According to Hawke, the process of filming Boyhood was, in itself, an "act of faith. You know, it's illegal to make someone sign a contract for more than seven years. We never had any deals. It was just, 'Do you want to get together on Wednesday and keep doing this project?' "
Still, the film's commercial success took Hawke by surprise. But looking back, he's also surprised that he has been successful at all. He says:
"Here I am about to turn 44, and it's really the time where I feel like it's time for me to get a real job I hate like everybody else. And now the biggest harebrained scheme of my life has gone well. And I want it to serve as a kind of call to anybody with a harebrained scheme that it can work out. You know? Just go for it."
Ethan Hawke may have spent the past 12 years filming Boyhood, but what does he remember about what life was like way back in 2002 when he first started filming it? We quizzed him about that year in an Ask Me Another Challenge.
Interview Highlights
On growing up and Boyhood
It's obvious when young people are maturing. But once you hit your early 20s, how you are maturing or not maturing is not so self-evident because things that are a failure could be the things that are making you grow the most, and things that could be perceived as success are making you fail the most. So the maturation process as an adult is really mysterious. Even more mysterious than for kids. And so I knew the heart of the movie was going to be this young boy, but Patricia Arquette and I's characters could operate as this kind of spine to the movie.
On an unexpected celebrity sighting at the gym
I was shooting a movie last year, and I went to the gym in the hotel and Ozzy [Osbourne] was in there. It was just me and Ozzy. You know, when you see Ozzy on the elliptical ... I don't know. I kept wanting to bite the head off a bat.

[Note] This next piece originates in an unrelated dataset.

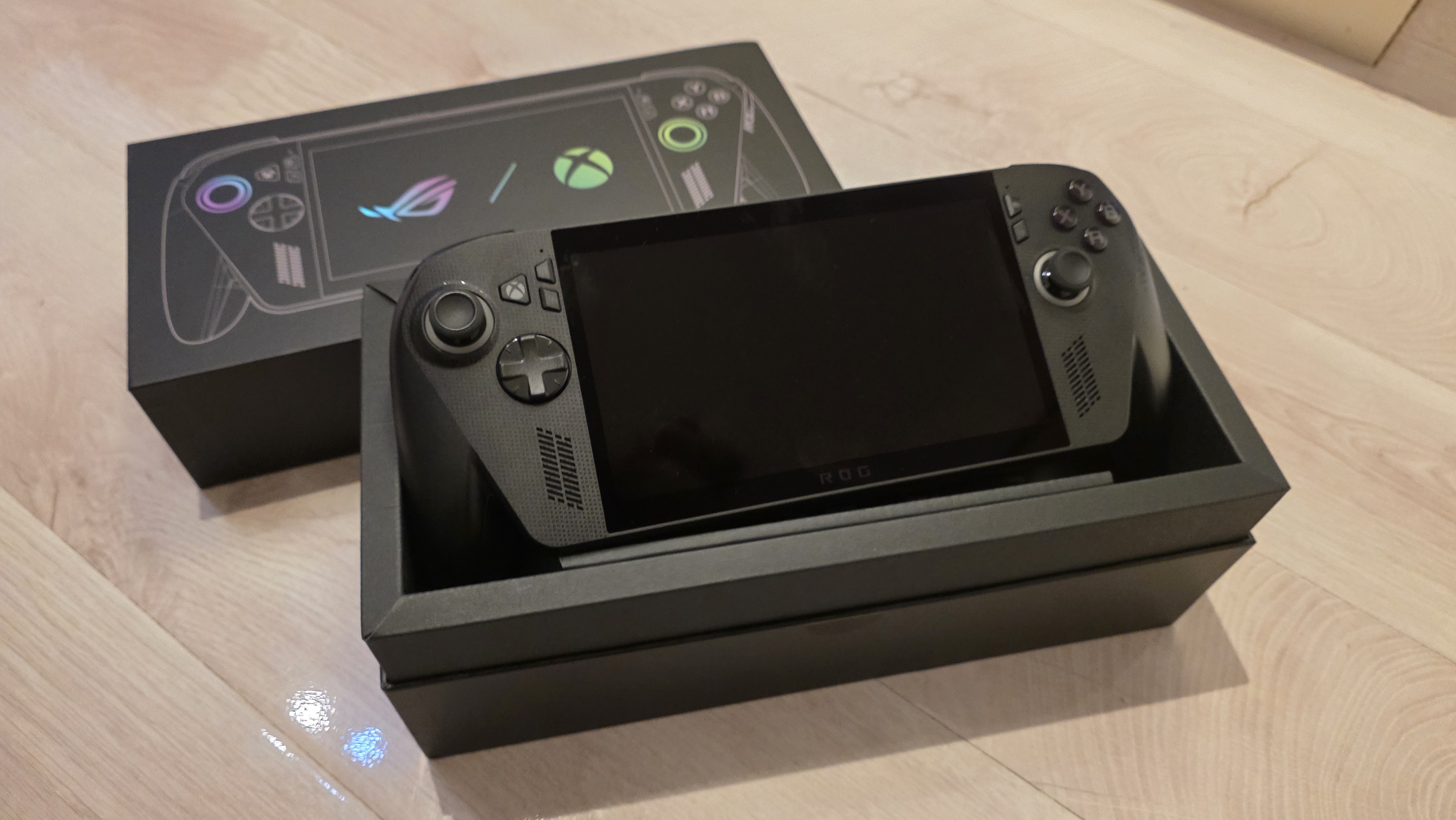 A black ROG gaming handheld console sits in an open black box on a wooden surface. The box displays controller graphics with vibrant icons.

This segment originally aired on November 6, 2014
Transcript
OPHIRA EISENBERG, HOST:
Welcome back to ASK ME ANOTHER, NPR and WNYC's hour of trivia, puzzles and word games. I'm Ophira Eisenberg, and please welcome our very important puzzler. He's an actor whose roles span everything from Shakespeare to slacker comedies to art house dramas. It's Ethan Hawke.
(APPLAUSE)
ETHAN HAWKE: Thanks for having me.
EISENBERG: Welcome. You have done so many different movies over the years and lots of, I mean, cross genres. When you're walking down the street and you have the obsessive fan run up to you, what do they yell out to you? What is the number one?

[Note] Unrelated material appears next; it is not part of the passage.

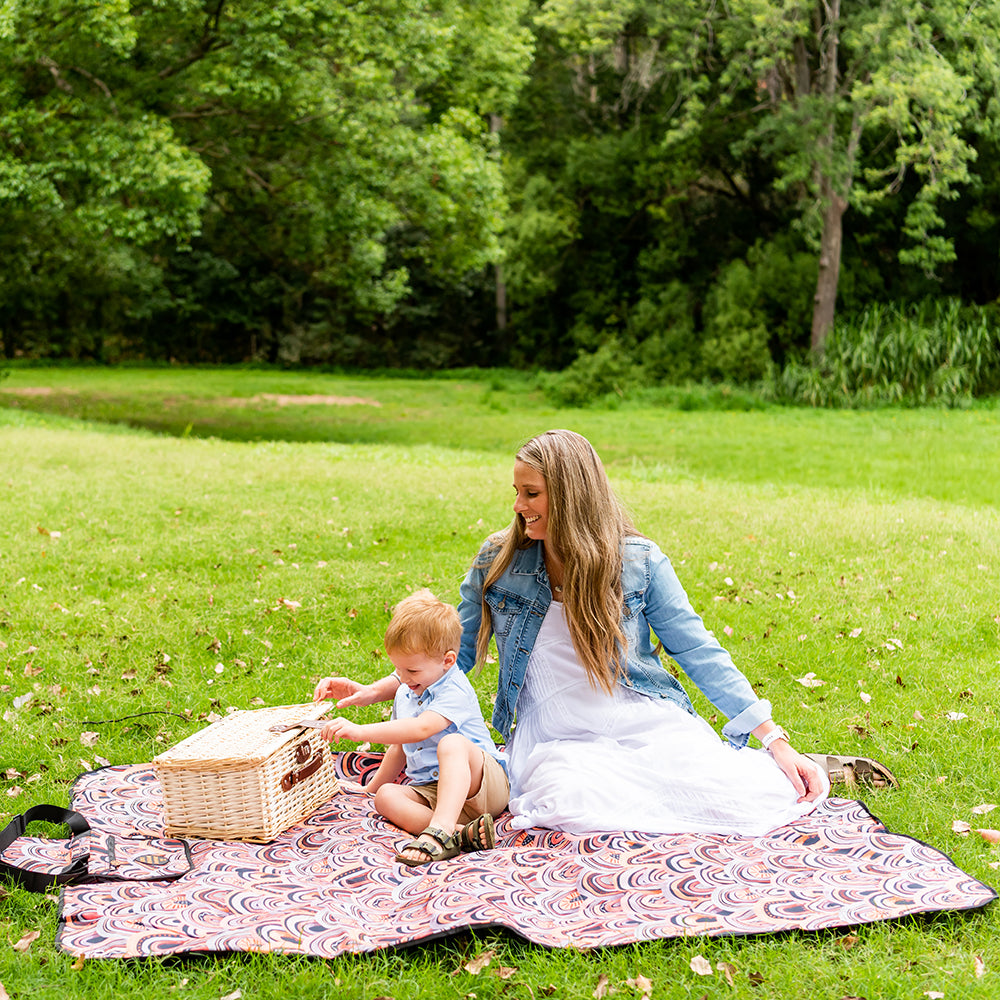 Parent and child using the Arizona Adventure Mat outdoors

HAWKE: You know, it depends on what they look like, you know. I mean, there's a certain type of woman where it's kind of clear by the look in her eyes that the "Reality Bites" poster was on her college wall.
EISENBERG: Sure.
HAWKE: Right. Like then, there's the dude that's really into training days like yo, Jake. You know, there's that guy. Then, there's the kind of geeked-out "Gattaca" fan, you know.
(APPLAUSE)
HAWKE: This is my crowd. All right - very good.
EISENBERG: You are loyal to directors. You find a director that - I mean, Richard Linklater you've work with.
HAWKE: Eight times.
EISENBERG: Eight times. But also Antoine Fuqua.
HAWKE: Yeah, "Training Day" and "Brooklyn's Finest" with Antoine and...
EISENBERG: Andrew Niccol.
HAWKE: I did "Gattaca," "Lord Of War" and a new film called "Good Kill" that's coming out next year.
EISENBERG: So what is it about these directors that you go this is my ideal working relationship?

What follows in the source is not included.